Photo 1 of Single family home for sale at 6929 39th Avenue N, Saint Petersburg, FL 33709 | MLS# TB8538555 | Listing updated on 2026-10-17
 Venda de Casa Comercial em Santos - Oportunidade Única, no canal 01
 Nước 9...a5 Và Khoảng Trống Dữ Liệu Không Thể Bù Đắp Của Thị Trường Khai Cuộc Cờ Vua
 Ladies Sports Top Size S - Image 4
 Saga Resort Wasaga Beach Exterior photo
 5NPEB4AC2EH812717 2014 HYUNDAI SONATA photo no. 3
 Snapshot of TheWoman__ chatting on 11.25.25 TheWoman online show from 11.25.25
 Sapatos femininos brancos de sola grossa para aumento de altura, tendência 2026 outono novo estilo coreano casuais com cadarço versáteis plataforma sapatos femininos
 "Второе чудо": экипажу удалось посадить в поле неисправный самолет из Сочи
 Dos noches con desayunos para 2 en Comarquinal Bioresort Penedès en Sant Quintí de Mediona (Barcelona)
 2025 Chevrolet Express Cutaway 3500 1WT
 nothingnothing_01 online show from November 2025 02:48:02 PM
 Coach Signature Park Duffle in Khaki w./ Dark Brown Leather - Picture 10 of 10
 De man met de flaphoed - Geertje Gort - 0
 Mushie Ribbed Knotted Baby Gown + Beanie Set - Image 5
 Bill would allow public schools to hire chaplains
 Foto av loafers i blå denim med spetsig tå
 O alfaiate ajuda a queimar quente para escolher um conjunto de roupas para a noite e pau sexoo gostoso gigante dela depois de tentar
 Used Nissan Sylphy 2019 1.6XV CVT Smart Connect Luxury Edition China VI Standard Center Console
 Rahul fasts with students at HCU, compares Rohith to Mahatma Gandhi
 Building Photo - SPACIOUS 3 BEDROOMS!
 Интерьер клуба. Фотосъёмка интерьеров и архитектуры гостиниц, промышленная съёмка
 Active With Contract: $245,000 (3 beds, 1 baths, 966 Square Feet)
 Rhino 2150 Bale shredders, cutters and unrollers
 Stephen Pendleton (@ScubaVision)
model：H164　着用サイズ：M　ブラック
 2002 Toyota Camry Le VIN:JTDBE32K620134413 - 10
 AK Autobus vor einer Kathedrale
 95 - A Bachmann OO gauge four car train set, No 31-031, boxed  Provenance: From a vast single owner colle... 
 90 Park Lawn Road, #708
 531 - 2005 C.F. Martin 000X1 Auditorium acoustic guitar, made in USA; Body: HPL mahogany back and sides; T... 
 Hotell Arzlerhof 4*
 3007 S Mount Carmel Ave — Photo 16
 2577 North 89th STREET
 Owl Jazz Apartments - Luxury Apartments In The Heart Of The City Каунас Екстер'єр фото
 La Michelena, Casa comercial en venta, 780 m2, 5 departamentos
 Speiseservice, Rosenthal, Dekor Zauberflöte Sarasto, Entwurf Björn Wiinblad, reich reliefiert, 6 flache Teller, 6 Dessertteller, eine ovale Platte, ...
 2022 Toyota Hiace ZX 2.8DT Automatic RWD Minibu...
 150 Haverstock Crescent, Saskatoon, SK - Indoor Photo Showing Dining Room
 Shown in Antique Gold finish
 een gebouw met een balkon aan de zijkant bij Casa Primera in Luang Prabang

» **EXERCISE AIM**:
Among the entries above, locate the lines containing "Nước 9...a5 Và" and "Sapatos femininos brancos", and transcribe exactly those two lines and all lines between.

» **TASK OUTPUT**:
 Nước 9...a5 Và Khoảng Trống Dữ Liệu Không Thể Bù Đắp Của Thị Trường Khai Cuộc Cờ Vua
 Ladies Sports Top Size S - Image 4
 Saga Resort Wasaga Beach Exterior photo
 5NPEB4AC2EH812717 2014 HYUNDAI SONATA photo no. 3
 Snapshot of TheWoman__ chatting on 11.25.25 TheWoman online show from 11.25.25
 Sapatos femininos brancos de sola grossa para aumento de altura, tendência 2026 outono novo estilo coreano casuais com cadarço versáteis plataforma sapatos femininos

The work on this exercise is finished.